If several successive blocks must be used, just wrap successively each block one by one with the resulting intermediary PipelineWrapper.
Warning
This architecture is not designed for trainable blocks, but rather for robotic-oriented controllers and observers, such as PID controllers, inverse kinematics, Model Predictive Control (MPC), sensor fusion… It is recommended to add the controllers and observers into the policy itself if they have to be trainable.
- Parameters
kwargs (Any) – Extra keyword arguments for multiple inheritance.
env (Union[gym.core.Wrapper, gym_jiminy.common.envs.env_generic.BaseJiminyEnv]) –
- Return type
None
- env: Union[gym.core.Wrapper, gym_jiminy.common.envs.env_generic.BaseJiminyEnv]¶
- stepper_state: jiminy.StepperState¶
- system_state: jiminy.SystemState¶
- sensors_data: jiminy.sensorsData¶
- _controller_handle(t, q, v, sensors_data, command)[source]¶
Thin wrapper around user-specified compute_command method.
Warning
This method is not supposed to be called manually nor overloaded.
- Parameters
t (float) –
q (numpy.ndarray) –
v (numpy.ndarray) –
sensors_data (jiminy_py.core.sensorsData) –
command (numpy.ndarray) –
- Return type
None
- _get_block_index()[source]¶
Get the index of the block. It corresponds the “deepness” of the block, namely how many blocks deriving from the same wrapper type than the current one are already wrapped in the environment.
- Return type
- get_observation()[source]¶
Get post-processed observation.
It performs a recursive shallow copy of the observation.
Warning
This method is not supposed to be called manually nor overloaded.
- reset(controller_hook=None, **kwargs)[source]¶
Reset the unified environment.
In practice, it resets the environment and initializes the generic pipeline internal buffers through the use of ‘controller_hook’.
- Parameters
controller_hook (Optional[Callable[[], Optional[Tuple[Optional[Callable[[float, numpy.ndarray, numpy.ndarray, jiminy_py.core.sensorsData], None]], Optional[Callable[[float, numpy.ndarray, numpy.ndarray, jiminy_py.core.sensorsData, numpy.ndarray], None]]]]]]) – Used internally for chaining multiple BasePipelineWrapper. It is not meant to be defined manually. Optional: None by default.
kwargs (Any) – Extra keyword arguments to comply with OpenAI Gym API.
- Return type
Union[Dict[str, StructNested], Sequence[StructNested], numpy.ndarray]

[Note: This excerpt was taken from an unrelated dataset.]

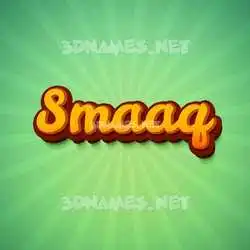 smaaq in Green Rays style - 3D name wallpaper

- step(action=None)[source]¶
Run a simulation step for a given action.
- Parameters
action (Optional[Union[Dict[str, StructNested], Sequence[StructNested], numpy.ndarray]]) – Next action to perform. None to not update it.
- Returns
Next observation, reward, status of the episode (done or not), and a dictionary of extra information.
- Return type
Tuple[Union[Dict[str, StructNested], Sequence[StructNested], numpy.ndarray], float, bool, Dict[str, Any]]
- _setup()[source]¶
Configure the wrapper.
By default, it only resets some internal buffers.
Note
This method must be called once, after the environment has been reset. This is done automatically when calling reset method.
- Return type
None
- refresh_observation()[source]¶
Compute the unified observation.
By default, it forwards the observation computed by the environment.
- Parameters
measure – Observation of the environment.
- Return type
None
- compute_command(measure, action)[source]¶
Compute the motors efforts to apply on the robot.
By default, it forwards the command computed by the environment.

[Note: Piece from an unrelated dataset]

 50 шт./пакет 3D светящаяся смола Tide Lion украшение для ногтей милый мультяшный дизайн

- _initialize_action_space()¶
Configure the action space of the controller.
Note
This method is called right after _setup, so that both the environment to control and the controller itself should be already initialized.
- Return type
None
- _initialize_observation_space()¶
Configure the observation space.
- Return type
None
- _observer_handle(t, q, v, sensors_data)¶
TODO Write documentation.
- Parameters
t (float) –
q (numpy.ndarray) –
v (numpy.ndarray) –
sensors_data (jiminy_py.core.sensorsData) –
- Return type
None
- property action_space¶
- classmethod class_name()¶
- close()¶
Override close in your subclass to perform any necessary cleanup.
Environments will automatically close() themselves when garbage collected or when the program exits.

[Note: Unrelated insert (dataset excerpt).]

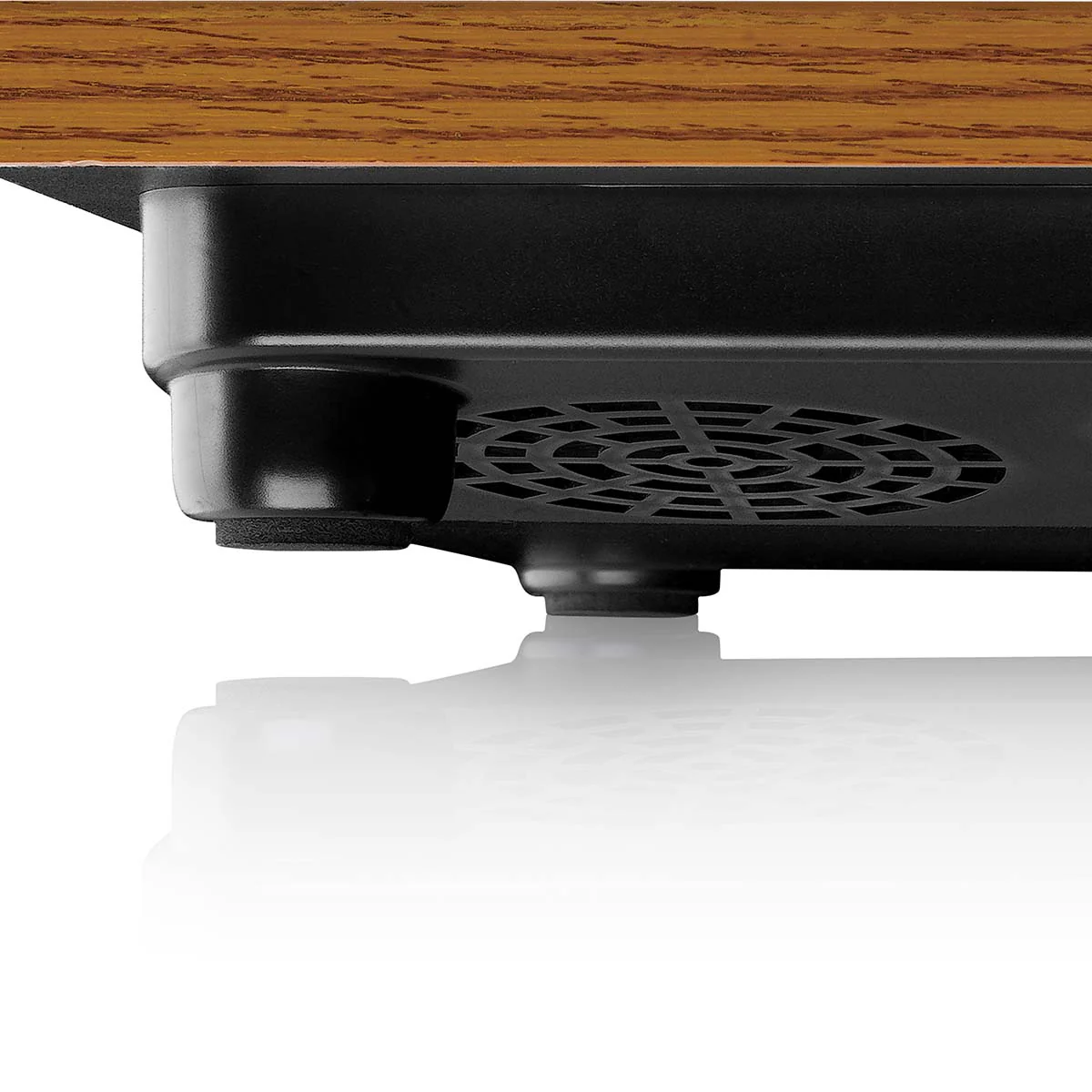 Lenco LS-10WD - Platine avec haut-parleurs intégrés - Bois - Image 7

- compute_reward(*args, info, **kwargs)¶
Compute reward at current episode state.
See ControllerInterface.compute_reward for details.
Note
This method is called after updating the internal buffer ‘_num_steps_beyond_done’, which is None if the simulation is not done, 0 right after, and so on.
- compute_reward_terminal(*, info)¶
Compute terminal reward at current episode final state.
Note
Implementation is optional. Not computing terminal reward if not overloaded by the user for the sake of efficiency.
Warning
Similarly to compute_reward, ‘info’ can be updated by reference to log extra info for monitoring.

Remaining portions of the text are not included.